### Work required:
The data must be returned exactly. No line may be left out.

### The records:
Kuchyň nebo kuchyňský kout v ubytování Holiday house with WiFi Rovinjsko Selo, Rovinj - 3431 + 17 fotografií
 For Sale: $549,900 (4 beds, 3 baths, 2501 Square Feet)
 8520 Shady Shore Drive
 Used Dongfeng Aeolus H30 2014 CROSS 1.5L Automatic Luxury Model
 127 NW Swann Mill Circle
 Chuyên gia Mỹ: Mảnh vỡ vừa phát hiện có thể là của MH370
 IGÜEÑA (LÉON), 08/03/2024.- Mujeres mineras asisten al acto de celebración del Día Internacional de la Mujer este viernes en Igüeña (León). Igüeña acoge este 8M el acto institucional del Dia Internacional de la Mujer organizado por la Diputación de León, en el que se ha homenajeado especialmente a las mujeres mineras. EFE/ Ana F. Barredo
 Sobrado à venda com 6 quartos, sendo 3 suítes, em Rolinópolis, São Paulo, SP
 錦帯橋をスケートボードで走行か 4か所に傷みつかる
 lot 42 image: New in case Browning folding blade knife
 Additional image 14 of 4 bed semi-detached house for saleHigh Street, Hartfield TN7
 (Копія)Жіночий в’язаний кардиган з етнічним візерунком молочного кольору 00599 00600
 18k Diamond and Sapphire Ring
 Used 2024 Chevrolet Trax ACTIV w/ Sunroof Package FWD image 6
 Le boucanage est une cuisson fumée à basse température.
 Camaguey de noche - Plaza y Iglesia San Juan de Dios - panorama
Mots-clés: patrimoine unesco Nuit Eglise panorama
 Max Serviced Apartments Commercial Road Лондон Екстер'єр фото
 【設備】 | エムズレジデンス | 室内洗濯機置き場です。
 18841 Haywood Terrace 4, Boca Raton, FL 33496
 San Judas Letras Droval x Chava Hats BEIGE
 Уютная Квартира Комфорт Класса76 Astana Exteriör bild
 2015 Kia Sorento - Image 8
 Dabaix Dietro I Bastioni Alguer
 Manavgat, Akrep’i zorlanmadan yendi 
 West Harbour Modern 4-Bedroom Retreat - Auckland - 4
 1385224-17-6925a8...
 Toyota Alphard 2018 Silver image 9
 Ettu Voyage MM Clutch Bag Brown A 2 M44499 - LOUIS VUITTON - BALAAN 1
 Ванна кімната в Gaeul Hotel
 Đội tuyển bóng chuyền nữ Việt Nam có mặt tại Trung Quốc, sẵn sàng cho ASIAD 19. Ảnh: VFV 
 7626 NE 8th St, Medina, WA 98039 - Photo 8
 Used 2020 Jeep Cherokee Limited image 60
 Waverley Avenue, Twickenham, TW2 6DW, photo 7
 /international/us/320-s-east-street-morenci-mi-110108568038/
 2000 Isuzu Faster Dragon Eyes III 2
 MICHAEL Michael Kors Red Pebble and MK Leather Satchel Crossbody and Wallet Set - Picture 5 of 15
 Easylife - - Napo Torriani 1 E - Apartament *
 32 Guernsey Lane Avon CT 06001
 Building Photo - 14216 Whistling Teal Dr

### Output for this exercise:
Kuchyň nebo kuchyňský kout v ubytování Holiday house with WiFi Rovinjsko Selo, Rovinj - 3431 + 17 fotografií
 For Sale: $549,900 (4 beds, 3 baths, 2501 Square Feet)
 8520 Shady Shore Drive
 Used Dongfeng Aeolus H30 2014 CROSS 1.5L Automatic Luxury Model
 127 NW Swann Mill Circle
 Chuyên gia Mỹ: Mảnh vỡ vừa phát hiện có thể là của MH370
 IGÜEÑA (LÉON), 08/03/2024.- Mujeres mineras asisten al acto de celebración del Día Internacional de la Mujer este viernes en Igüeña (León). Igüeña acoge este 8M el acto institucional del Dia Internacional de la Mujer organizado por la Diputación de León, en el que se ha homenajeado especialmente a las mujeres mineras. EFE/ Ana F. Barredo
 Sobrado à venda com 6 quartos, sendo 3 suítes, em Rolinópolis, São Paulo, SP
 錦帯橋をスケートボードで走行か 4か所に傷みつかる
 lot 42 image: New in case Browning folding blade knife
 Additional image 14 of 4 bed semi-detached house for saleHigh Street, Hartfield TN7
 (Копія)Жіночий в’язаний кардиган з етнічним візерунком молочного кольору 00599 00600
 18k Diamond and Sapphire Ring
 Used 2024 Chevrolet Trax ACTIV w/ Sunroof Package FWD image 6
 Le boucanage est une cuisson fumée à basse température.
 Camaguey de noche - Plaza y Iglesia San Juan de Dios - panorama
Mots-clés: patrimoine unesco Nuit Eglise panorama
 Max Serviced Apartments Commercial Road Лондон Екстер'єр фото
 【設備】 | エムズレジデンス | 室内洗濯機置き場です。
 18841 Haywood Terrace 4, Boca Raton, FL 33496
 San Judas Letras Droval x Chava Hats BEIGE
 Уютная Квартира Комфорт Класса76 Astana Exteriör bild
 2015 Kia Sorento - Image 8
 Dabaix Dietro I Bastioni Alguer
 Manavgat, Akrep’i zorlanmadan yendi 
 West Harbour Modern 4-Bedroom Retreat - Auckland - 4
 1385224-17-6925a8...
 Toyota Alphard 2018 Silver image 9
 Ettu Voyage MM Clutch Bag Brown A 2 M44499 - LOUIS VUITTON - BALAAN 1
 Ванна кімната в Gaeul Hotel
 Đội tuyển bóng chuyền nữ Việt Nam có mặt tại Trung Quốc, sẵn sàng cho ASIAD 19. Ảnh: VFV 
 7626 NE 8th St, Medina, WA 98039 - Photo 8
 Used 2020 Jeep Cherokee Limited image 60
 Waverley Avenue, Twickenham, TW2 6DW, photo 7
 /international/us/320-s-east-street-morenci-mi-110108568038/
 2000 Isuzu Faster Dragon Eyes III 2
 MICHAEL Michael Kors Red Pebble and MK Leather Satchel Crossbody and Wallet Set - Picture 5 of 15
 Easylife - - Napo Torriani 1 E - Apartament *
 32 Guernsey Lane Avon CT 06001
 Building Photo - 14216 Whistling Teal Dr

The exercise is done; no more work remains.